Un apartheid social et racial à la fois moins spectaculaire et plus effrayant que le chaos annoncé par Scott. C’est d’ailleurs la thèse centrale d’un ouvrage indispensable pour comprendre la dynamique de cette ville. Il s’intitule  » Au-delà de Blade Runner. Los Angeles et l’imagination du désastre  » (éd. Allia). Pour l’auteur, Mike Davis, L.A., de par sa configuration spatiale, préfigure le modèle des mégalopoles modernes. Synonyme de lente déstructuration de toute mixité sociale par le cloisonnement strict des populations dans des quartiers monochromes. Certains, les plus pauvres, sous la coupe des gangs, d’autres, les plus riches, transformés en bunkers. Avec les risques de frictions, d’affrontements et de méfiance mutuelle qu’encourage forcément ce genre de configuration. Ce n’est sans doute pas un hasard si les deux émeutes d’envergure qu’ont connues les Etats-Unis au cours du dernier demi-siècle, en 1965 d’abord, en 1992 ensuite, après le tabassage en règle de Rodney King, ont eu Los Angeles pour théâtre, et le racisme pour étincelle…

Cela dit, la ville côtière n’inspire pas que des sentiments funestes. Elle sert par exemple aussi de décor à l’une des séries télévisées les plus populaires outre-Atlantique,  » L World « . Ou les déboires en tranche d’une bande de copines homos habitant corps et âme la localité. Et quand bien même le désespoir coulerait une chape de plomb sur tout le district, il restera toujours des poches de liberté. Comme l’illustre l’éclosion inattendue du krumping, cette danse hybride mêlant mouvements hip-hop et chorégraphies tribales. Une explosion corporelle révélée par les images survitaminées de David Lachapelle dans  » Rize « . Filmant au plus près les corps en transe, le photographe montre avec une rare émotion comment ces jeunes des ghettos de L.A., ne pouvant compter que sur eux-mêmes, ont trouvé dans la danse une échappatoire aux gangs (qui s’abreuvent eux de rap saturé de testostérone) et un exutoire aux frustrations quotidiennes.

Un avant-goût du futur

Ce coup de projecteur est-il si surprenant ? Oui et non. Los Angeles n’a jamais vraiment cherché à être à la page. La ville est bien sortie de l’ombre ici et là, mais uniquement quand les préoccupations de ses acteurs rencontraient l’air du temps. Ce fut le cas pendant la période hippie dans les années 1970. Ce l’est à nouveau aujourd’hui. Presque pour des raisons similaires d’ailleurs. Car ce qui fascinait à l’époque comme aujourd’hui les faiseurs de tendances, c’est la brise contestataire qui balaie en permanence cette ville tournée vers le présent et l’avenir plus que vers le passé.
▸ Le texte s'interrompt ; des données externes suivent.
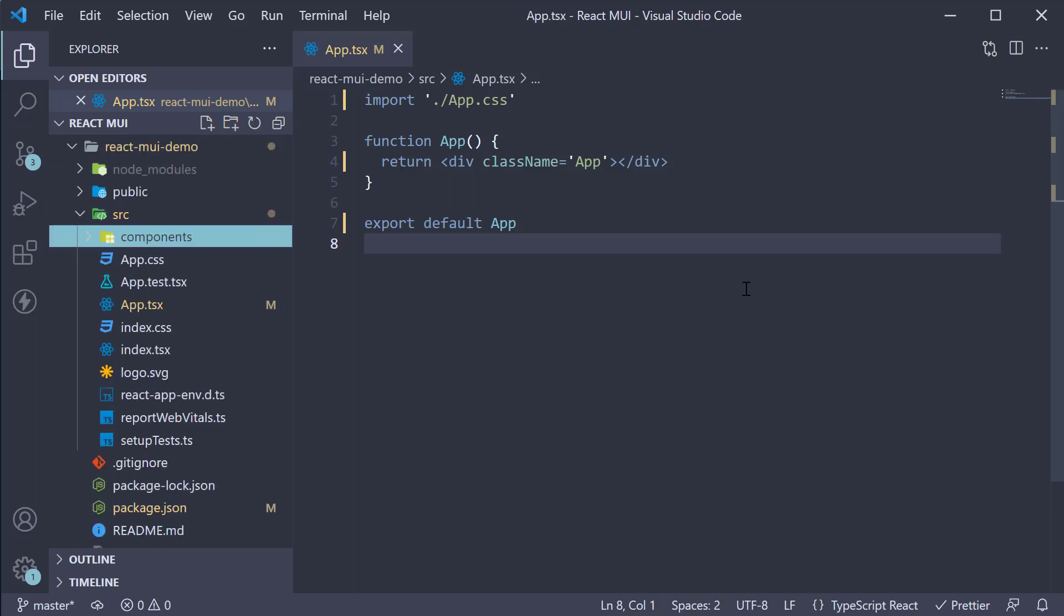Alright, now that we have a React app with Material UI installed, in the next video, let's take a look at typography in Material UI.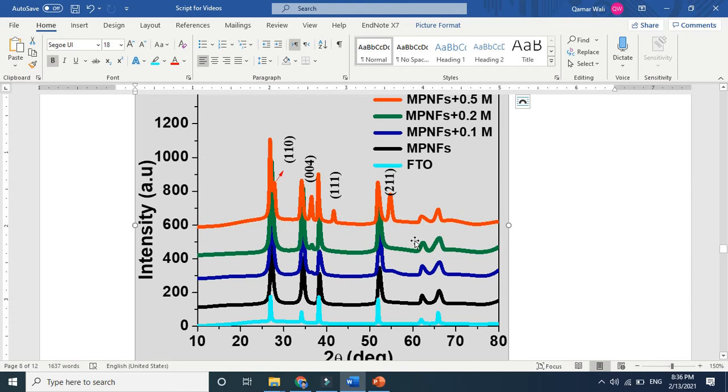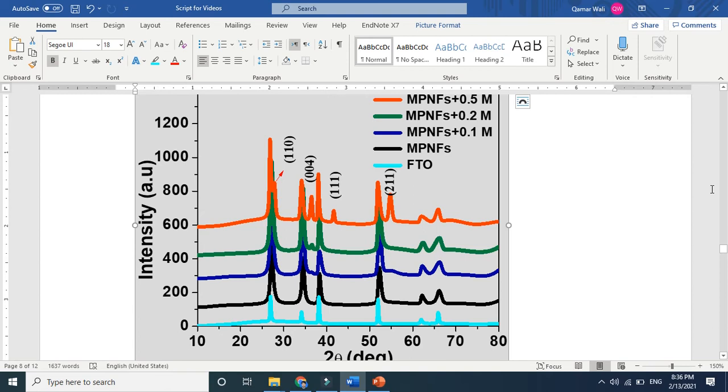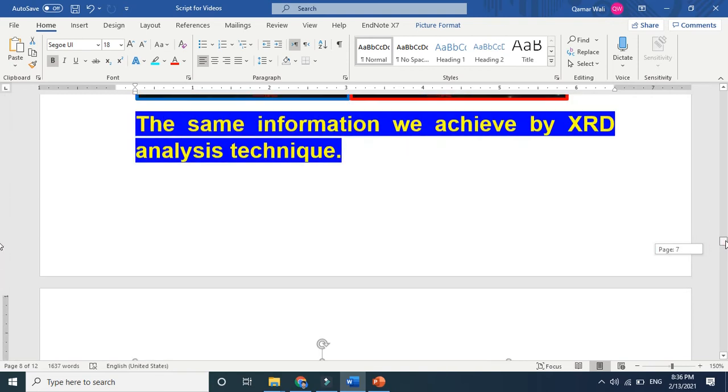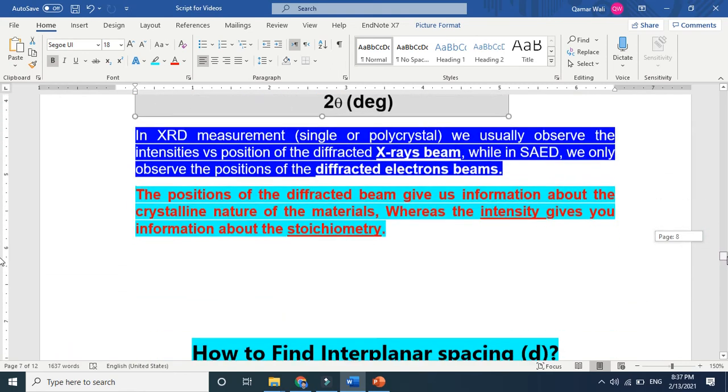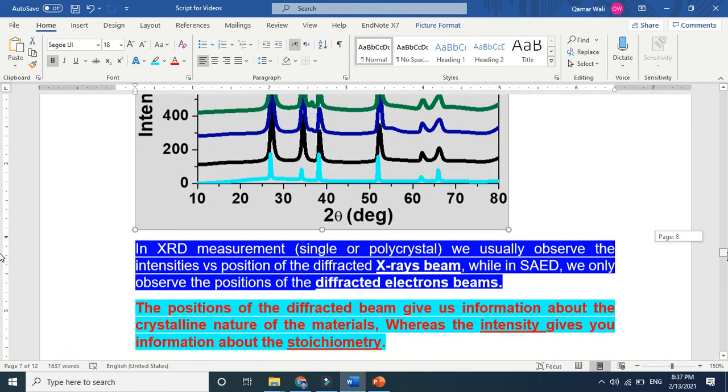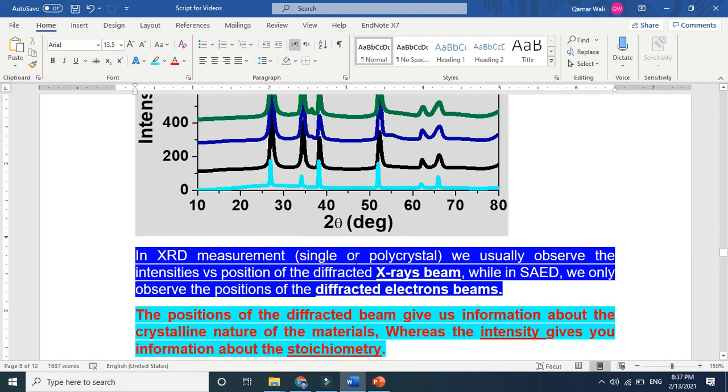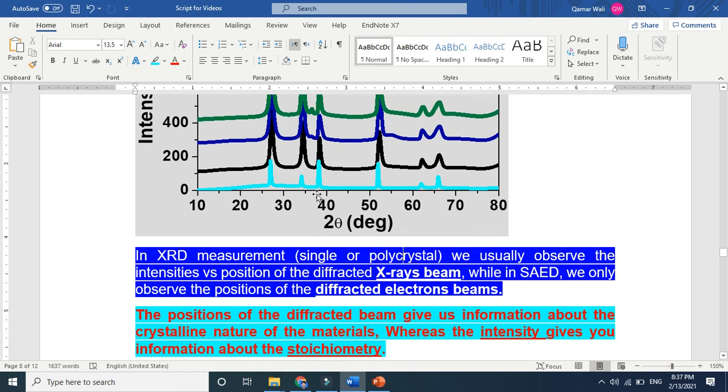So as we explained in our part of the video, XRD is basically tells about intensity versus position. This is the peak's position. In this one peak the ring is integrated there. For example, this is the polycrystalline. In this one peak 110. And if you look into this, so this ring is basically integrated in the peak. This is the only difference here. If you look here in XRD measurements, single or polycrystalline, we usually observe the intensity versus position. This is the position. The peak position is this, between the 20 and 30 theta. And here, this another peak is here. So it basically, the intensity versus position of the diffracted X-ray beam. While in SAED we only observe position of the diffracted beam.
Cette vague libertaire, qui s’exprime aussi bien par la violence que la trivialité ou l’humour, imprègne la littérature du sérail, représentée par des auteurs comme John Fante, James Ellroy ou Bret Easton Ellis, et plus significativement encore tous les arts plastiques. A ce propos, l’exposition en cours au centre Pompidou (*), à Paris, tombe à pic pour remettre les pendules à l’heure. En dressant le panorama de l’activité artistique à L.A. entre 1955 et 1985, cette rétrospective nous plonge dans un fabuleux bouillon expérimental. L’audace qui transpire des assemblages (Berman, Kauffman…), des installations (McCarthy, Leavitt ou Shaw) ou des peintures (David Hockney ou Ed Ruscha, encore lui) ferait presque passer les performances en vogue aujourd’hui pour des enfantillages. Les clés du succès actuel se trouvent déjà là, au milieu de cette fièvre créatrice échappant aux circuits traditionnels de l’art, car trop radicale, trop avant-gardiste, trop éclatée.  » Los Angeles est une force alternative à New York, un lieu de bouillonnement et de multiplicité artistique « , peut-on lire dans l’introduction à l’exposition. La scène culturelle bat au rythme de la ville, ce magma complexe, dense, métissé et imprévisible. Ce qui fait de L.A. une fenêtre ouverte sur le monde de demain…

(*) Los Angeles 1955-1985, centre Pompidou, à Paris. Jusqu’au 17 juillet prochain. Fermé les mardis.